Biguine Jazz 2019

Chez moi, je suis bien. En sécurité. Même si tout terme est relatif mais oui, chez moi, je n’ai besoin de rien. Sauf quand le mois d’août arrive. Au mois d’août, je prends sur moi et mon aversion naturelle envers la foule et toute forme de vie inconnue, et j’accepte de me frotter au reste de la population pour quelques jours de festival Biguine Jazz. J’aurais pu, depuis le temps, comprendre là mon appartenance à une population que j’évite, mais non, je préfère prendre ces moments pour ce qu’ils sont : de purs instants de grâce durant lesquels il n’existe plus ni crime, ni suicide, ni braquage, ni ouragan, bref, aucune mauvaise nouvelle. Simplement des mélomanes venus de tous les recoins de la Martinique pour se rendre dans des coins d’exception écouter des sonorités d’ailleurs, mais qui en disent tant sur nous. Quel plaisir surpasse l’autre ? Assister à un concert au pied de la Montagne Pelé, humbles hommes que nous sommes, quand elle pourrait nous faire disparaître en éternuant ? Ou écouter les musiciens qu’elle accueille ?

Le festival Biguine Jazz nous déniche souvent des perles et autres ovnis qui échappent parfois à nos disquaires. Je me rappelle encore y avoir entendu avec ravissement des artistes que je n’aurais pas cru découvrir un jour. La mer musicale est remplie de merveilles encore inconnues. Et certaines de ces merveilles nous parviennent en Août.

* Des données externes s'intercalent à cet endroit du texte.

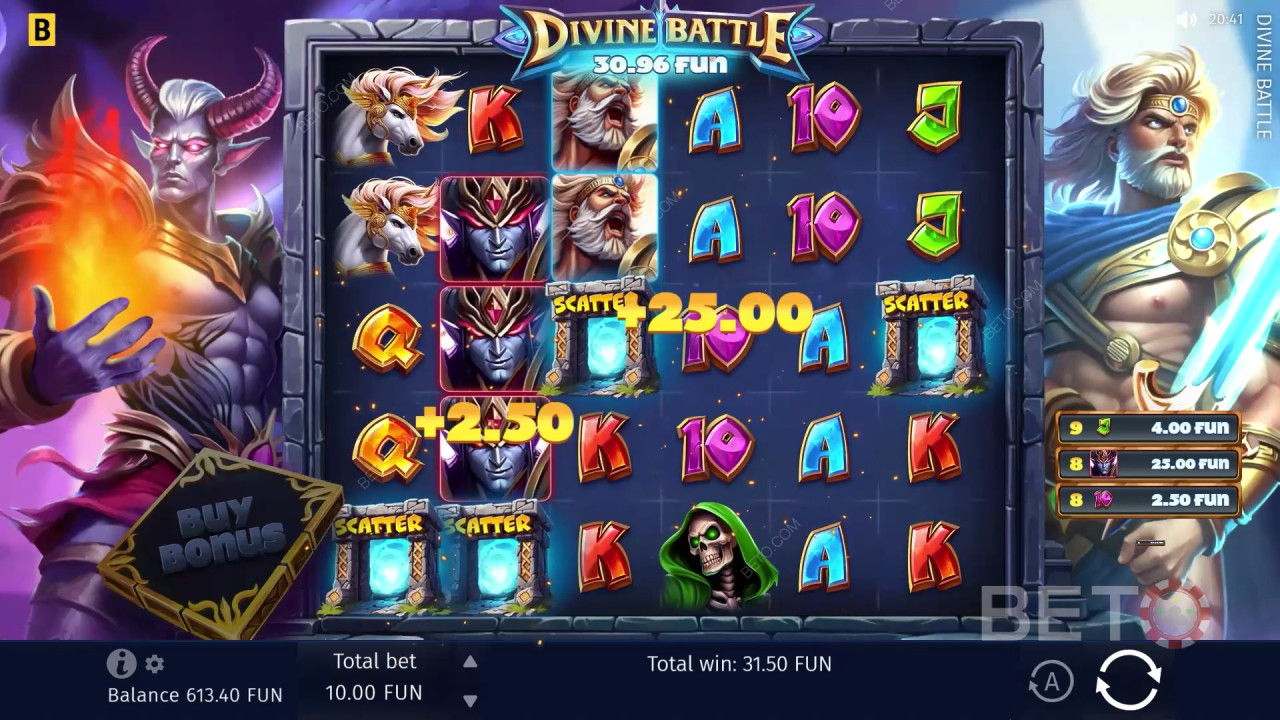 Divine Battle Überprüfung durch BETO Slots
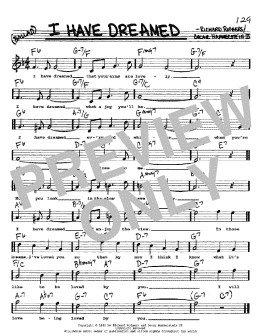 page one of I Have Dreamed (Real Book – Melody, Lyrics & Chords)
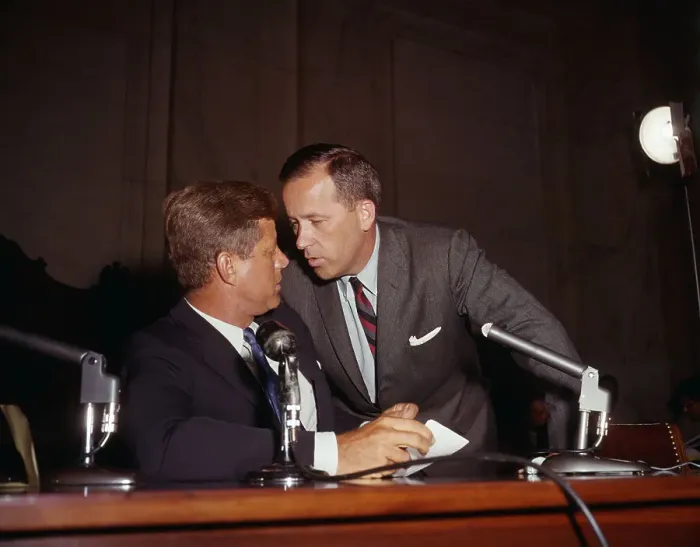 Framed Print : Senator Scoop Jackson Speaking with John F. Kennedy Framed Print : Senator Scoop Jackson Speaking with John F. Kennedy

La dernière scène de Jeudi 15 Août, à l’Appaloosa, a tenu ses promesses. Un plateau plus conséquent, pour l’occasion : cinq concerts programmés, alternant gaiement de jeunes talents comme des formations et artistes plus expérimentés. Si nous n’en n’étions pas convaincu Dimanche 11 au CDST, ce jeudi, nous sommes certains que la valeur musicale n’attend pas le nombre des années : Louana, jeune prodige Guadeloupéenne entendu à Saint Pierre et Pitakpi, formation créée par un jeune pianiste d’ici en sont la preuve. Quant au groupe Ting Bang, ils sont tout simplement soufflant. On reçoit une gifle, un soufflet Ils ont ce génie qui permet de trouver l’alliance parfaite entre le texte et l’interprétation. Je ne sais pas si Maleika est une actrice qui chante ou une cantatrice hors pair, tant son interprétation nous emporte. Pour être plus exacte, on est sur le cul quand elle nous raconte les histoires concoctées par le groupe. Sur le cul parce qu’ils ont cette façon unique de nous faire comprendre « reste là et écoute ». Et on écoute. Religieusement. Goulument. Comme un nourrisson à qui on a donné son lait en retard, et qui désormais identifiera cette denrée comme ce qui le maintient en vie, et la réclamera, dès qu’il le pourra.
Maintenant, je vais faire ma fausse chauvine. Quand je me remémore les groupes Delgres et Soft, je me pose une question : la Martinique, vous êtes où ?! Je sais, j’ai cité Ting Bang, mais des formations musicales façon Kassav (non, ce n’est pas un débat pour savoir s’il y a des musiciens blancs dans Kassav). Toujours est-il que Soft m’a fait chanter en créole. Oui, Monsieur. Même du créole guadeloupéen. Par contre, tous antillais que vous êtes messieurs, j’ai une question, ou plutôt une faveur à vous demander.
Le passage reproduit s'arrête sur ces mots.